The first example describes the treatment of a 75-year old man who entered the emergency room complaining of heart palpitations, among other symptoms. After finding his potassium levels too low, the doctors prescribed an aldosterone blocker in attempt to prevent excessive potassium losses through urine. Aldosterone is a hormone that directs the kidneys to filter potassium out of the body, and too much aldosterone results in potassium levels that are too low. Note that the exact method here is not that important, as potassium levels can be influenced by a number of hormones and physiological processes; it just so happens that in this case, the man’s aldosterone levels were too high. The point is that potassium levels were abnormally low, which impacted the patient’s heart beat. Once potassium blood levels returned to normal, the patient’s blood pressure stabilized and his heart palpitations disappeared.

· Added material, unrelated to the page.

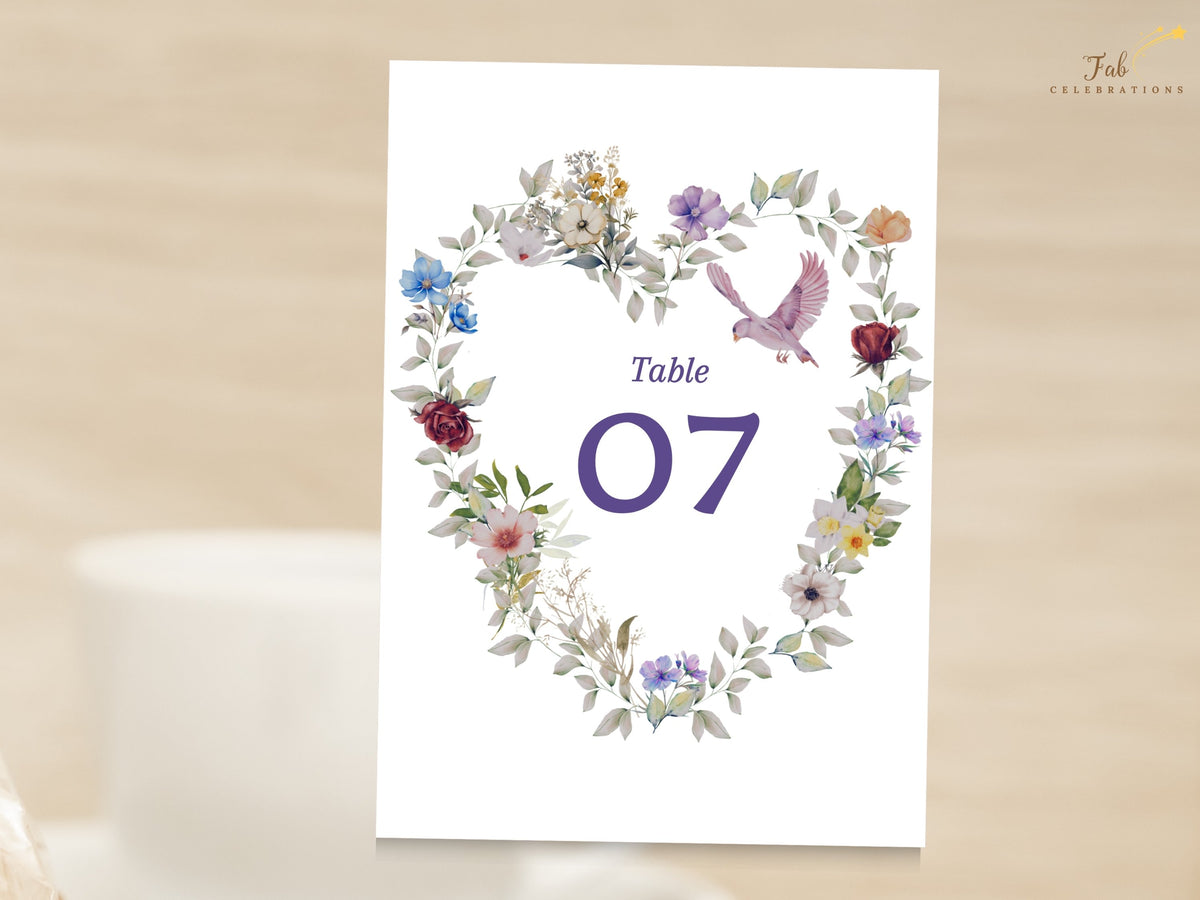 Editable purple floral wedding table number with watercolor-inspired blossoms forming a delicate heart, a pale pink dove and clear number seven for guest tables. Editable in Canva.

Case study 2: Magnesium + Calcium

In this case, a 36-year old woman, who earlier in her life had undergone intense chemotherapy to treat a bout of cancer, entered the hospital complaining of cramping and heart palpitations. The physicians measured the magnesium content of her urine and found it to be quite high, meaning her body was failing to absorb magnesium from her diet. The doctors did not find an exact cause for the patient’s hypomagnesemia (low magnesium levels), but they assumed it was a side effect of the chemotherapy drug used to treat the patient’s cancer. In addition to a host of physical problems such as cramping, low magnesium levels can affect both calcium and potassium levels in the body. After physicians returned the patient’s magnesium levels to normal through a combination of drugs and supplements, the patient’s symptoms went away.

Conclusion

These case studies and technical explanation demonstrate that electrolytes are not just useful to an endurance athlete; they are crucial. Sitting at the very center of aerobic activity -- cardiovascular performance -- electrolytes must remain in balance in order for the body to perform optimally. While the body is adept at maintaining homeostasis under most conditions, significant demands (such as hot conditions, long distance training or racing) or dietary needs (due to training or racing) can disrupt these biological systems. Provided an athlete’s diet contains sufficient amounts of these electrolytes, the body absorbs sodium, potassium, calcium and magnesium as needed. For day-to-day activity, athletes can maintain normal levels by eating a diet rich in fruits, vegetables, whole grains and legumes. During periods of long, intense exercise or periods of extreme heat, additional supplementation may be necessary. The point of this article is not to say that all heart palpitations in an athlete are necessarily caused by out-of-balance electrolyte levels. As mentioned earlier, arrhythmia has many potential causes, including electrolyte imbalance. There is often no way to know what is causing the arrhythmia, and the provided recommendations are on the list of things to do (which include proper sleep, reduce emotional stress, no alcohol, etc.) if you want to do everything you can to keep arrhythmia at bay. The point here is to further illustrate the great importance electrolytes play to proper physiological functioning, and to show that replacing electrolytes is a crucial element of any endurance athlete’s nutrition routine.
Disclaimer: Contact your physician before starting any exercise program or if you are taking any medication. Individuals with high blood pressure should also consult their physician prior to taking an electrolyte supplement. Overdose of electrolytes is possible, with symptoms such as vomiting and feeling ill, and care should be taken not to overdose on any electrolyte supplement.